Instrumental by Rush

from the album Snakes & Arrows
- Released: May 1, 2007
- Genre: Progressive rock, hard rock, instrumental rock
- Length: 2:17
- Label: Atlantic
- Songwriters: Alex Lifeson, Geddy Lee
- Producers: Rush and Nick Raskulinecz

= Malignant Narcissism (song) =

Malignant Narcissism is an instrumental track from Rush's 2007 album Snakes & Arrows. "Malignant Narcissism" was nominated for a 2008 Grammy under the category of Best Rock Instrumental Performance, Rush's fifth nomination in said category. However, the song lost to Bruce Springsteen's "Once Upon a Time in the West" making it their fifth defeat in that category.

==Song title inspiration==
The band found inspiration for the title of the song in the dialogue from the Trey Parker and Matt Stone film Team America: World Police. In that film, the psychological term malignant narcissism is used in reference to Islamic terrorists. The only voice heard is from an audio sample taken from the film, appearing at 1:08 in the song featuring a female voice saying, "Usually a case of malignant narcissism brought on during childhood".

We’re all big Matt Stone fans, and South Park fans, so we were all fans of that movie, and [Rush drummer-lyricist] Neil [Peart] is friends with Matt Stone. And Matt and Trey Parker were both Rush fans at some point. So they keep in contact. And [Neil] said, ‘Look, we want to do this song called "Malignant Narcissism", and [Matt] was thrilled. He said, ‘Great!’
— Rush bassist/vocalist Geddy Lee

== Composition and production ==
Bassist/vocalist Geddy Lee describes the development of the song in an interview with Toronto rock station Q107 (CILQ-FM). "Malignant Narcissism" was the last song recorded during the production of Snakes & Arrows, and was completed in a few days. While guitarist Alex Lifeson was away from the studio, Lee contacted Fender Musical Instruments Corporation and requested a Jaco Pastorius signature fretless bass delivered to the studio, on evaluation from Fender. According to Lee, he was interested in the bass for several reasons, including his lack of familiarity with fretless basses.

While Lee was experimenting with the bass in the studio, co-producer Nick Raskulinecz overheard Lee playing a catchy riff and suggested this be incorporated into a new song (this exchange was captured on film, and is part of the documentary section of the MVI edition of Snakes & Arrows).

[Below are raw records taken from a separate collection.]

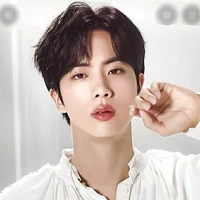 Jin/ Kim Seok jin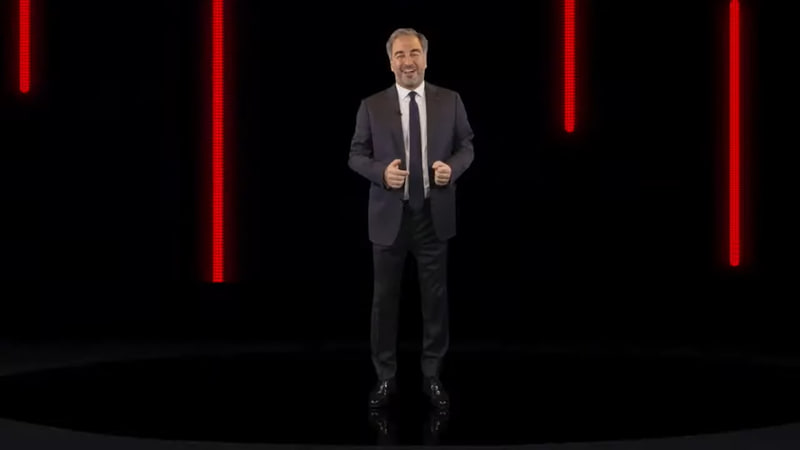 シナン・オズコック社長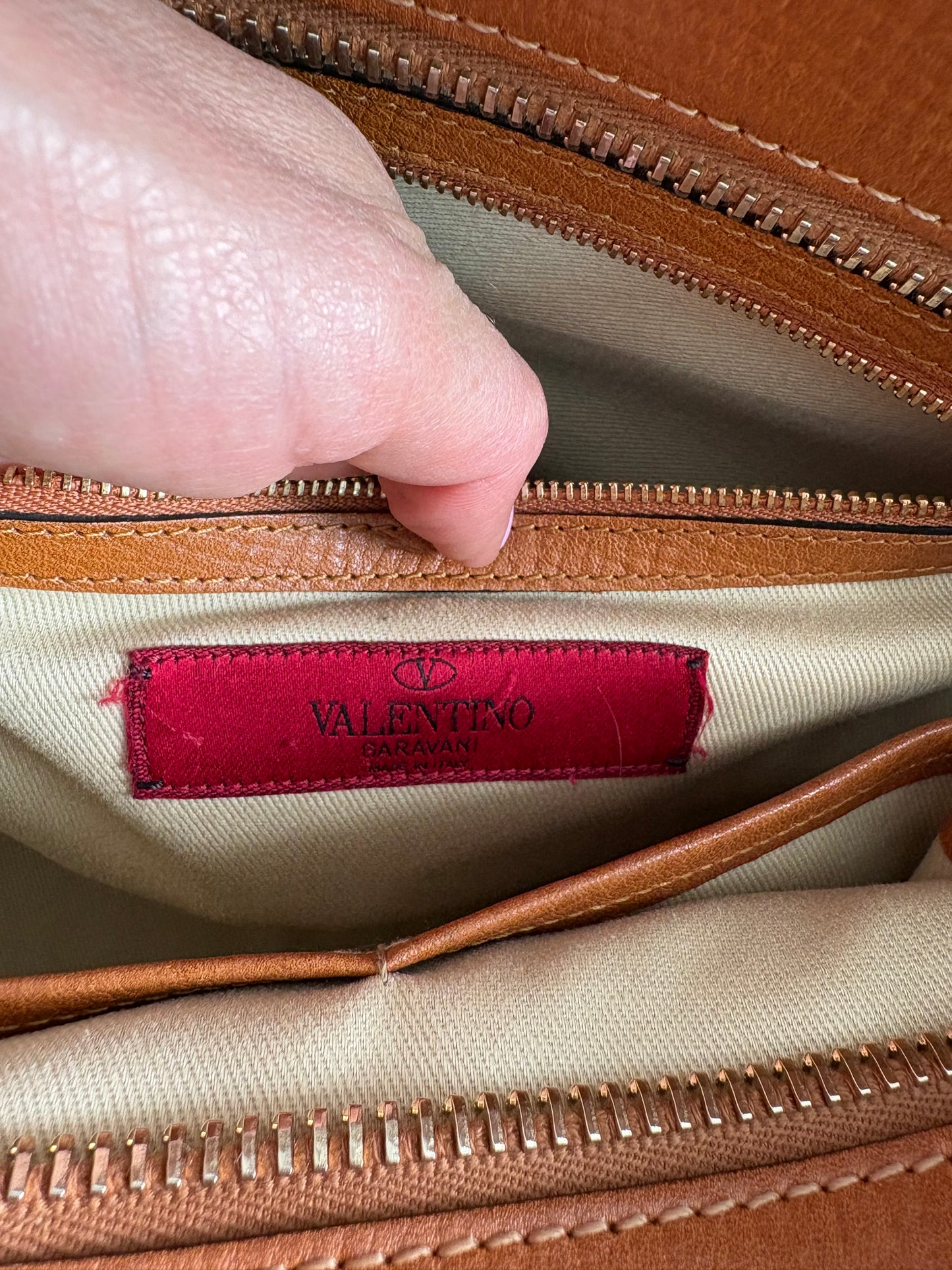 Valentino Garavani Rockstud Bag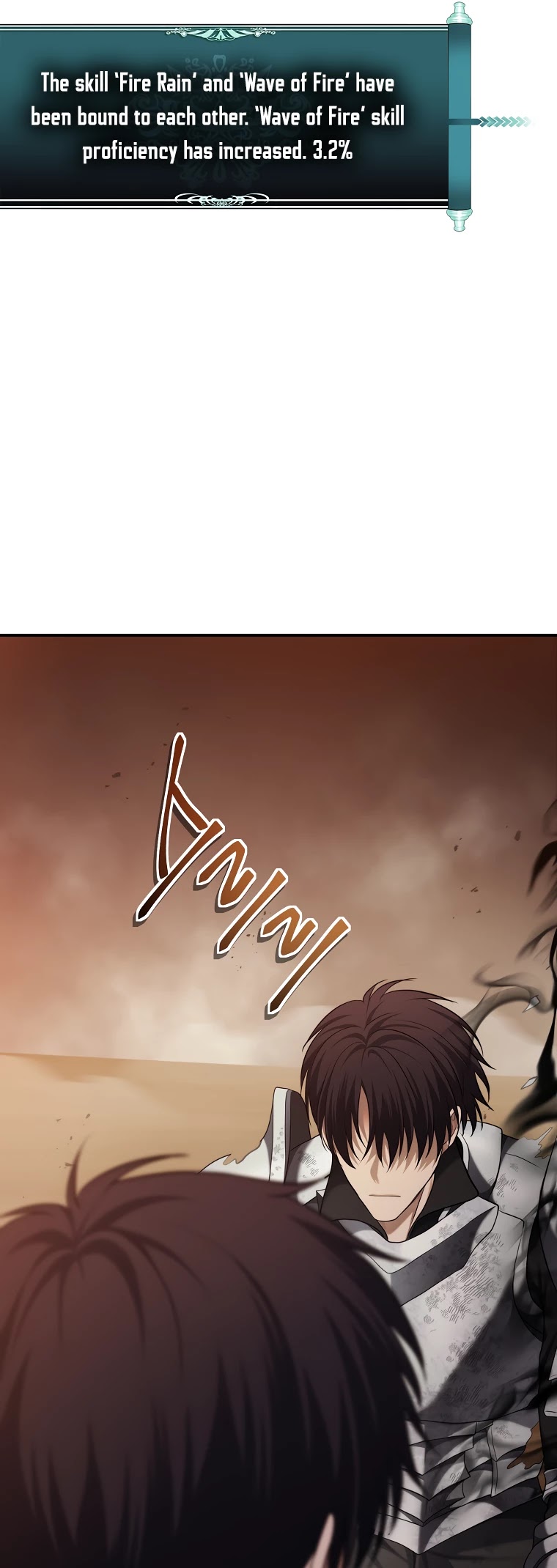 Ranker Who Lives A Second Time Chapter 125 page 48 - Chapter 125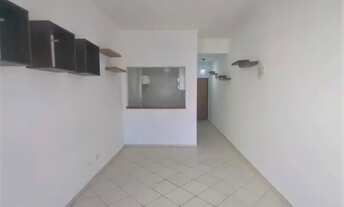 Imagem 6: Kitnet/conjugado para aluguel tem 32 metros quadrados em Bela Vista - São Paulo - SP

Rush drummer Neil Peart was present, but his expansive drum kit had already been shipped off from the studio. With Raskulinecz's encouragement, Peart decided to challenge himself with an unfamiliar instrument setup, like Lee had done with fretless bass. Peart assembled a small kit composed of four drums, the smallest kit he had ever used when recording for a Rush album. Peart recorded drum parts for "Malignant Narcissism" with this minimal kit. Like Lee's bassline, the opening drumming of counting off on the snare rim, was also a bit of a fluke. As Neil Peart describes in a 2007 Modern Drummer article, "Booujze heard me counting off the tempo on my snare rim, and wanted me to start the song like that".

When Lifeson returned to the studio, he had one day to compose a guitar part to play over Lee's fretless riffing, which he did. The piece was added to the nearly finished album, thus making Snakes & Arrows the first Rush album to contain more than one instrumental, this album ending up with three.